With this in mind we can see that there are certain things we can influence by the decisions we make and our actions resulting from those and certain things we cannot influence – they just happen. You can call it fate, good or bad luck or whatever is appropriate in your culture. The first important point here is that you have to accept that there are things you cannot influence and therefore you should not worry about them. You should just accept them. The trick then lies in where we draw the line.

And here comes the second point – always do the best you can. That is the the best we can with the resources available such as time, intellectual capacity, money or influence at the time. You will have to make some trade offs but if they appear to be the most sensible actions to take at the time when things are happening, then that’s exactly what they are. If things go well, perfect. If they don’t, we should learn from the past but never regret having done what we did. The dots might connect just a little bit later on.

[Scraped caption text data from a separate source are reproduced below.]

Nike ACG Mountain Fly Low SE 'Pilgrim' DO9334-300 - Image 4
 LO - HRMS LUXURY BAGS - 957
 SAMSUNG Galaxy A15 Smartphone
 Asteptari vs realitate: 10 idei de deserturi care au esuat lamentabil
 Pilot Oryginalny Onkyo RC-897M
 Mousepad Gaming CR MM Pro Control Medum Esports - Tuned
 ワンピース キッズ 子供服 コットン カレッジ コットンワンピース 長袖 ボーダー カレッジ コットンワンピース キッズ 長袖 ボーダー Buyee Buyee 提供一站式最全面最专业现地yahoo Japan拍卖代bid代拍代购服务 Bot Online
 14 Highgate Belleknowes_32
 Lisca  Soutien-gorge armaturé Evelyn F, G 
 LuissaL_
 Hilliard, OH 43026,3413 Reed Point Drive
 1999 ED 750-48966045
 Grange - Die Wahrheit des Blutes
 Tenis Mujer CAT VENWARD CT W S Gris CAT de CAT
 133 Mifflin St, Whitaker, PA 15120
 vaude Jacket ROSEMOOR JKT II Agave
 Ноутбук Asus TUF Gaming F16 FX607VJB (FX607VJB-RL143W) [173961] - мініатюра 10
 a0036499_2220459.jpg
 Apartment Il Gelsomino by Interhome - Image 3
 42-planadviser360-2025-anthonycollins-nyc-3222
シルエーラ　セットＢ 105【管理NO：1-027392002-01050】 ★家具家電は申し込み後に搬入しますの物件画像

Here is a recent example from my life. I got to a final round of interviews with BCG, a leading strategy consultancy, and I really wanted that job. I spent almost all my time in the three weeks preceding that interview preparing for it and when I was entering their offices, I felt I have prepared the best I could have. Eventually, I did not end up getting an offer from them. I could have been regretting the fact I did not get it or that I spent all that time in preparation for nothing but that would defeat the whole point. I did the best I could have done and what made most sense at the time. I had nothing to regret and was able to look forward to other opportunities. I now have two other great consulting offers and most importantly, a clear mind.

So to summarise, the key to never regretting is acting in a way so that we never have to. That is doing the best we can right now to maximise the sphere of our influence and accept that from there on, things will just happen and there is nothing we can do about it.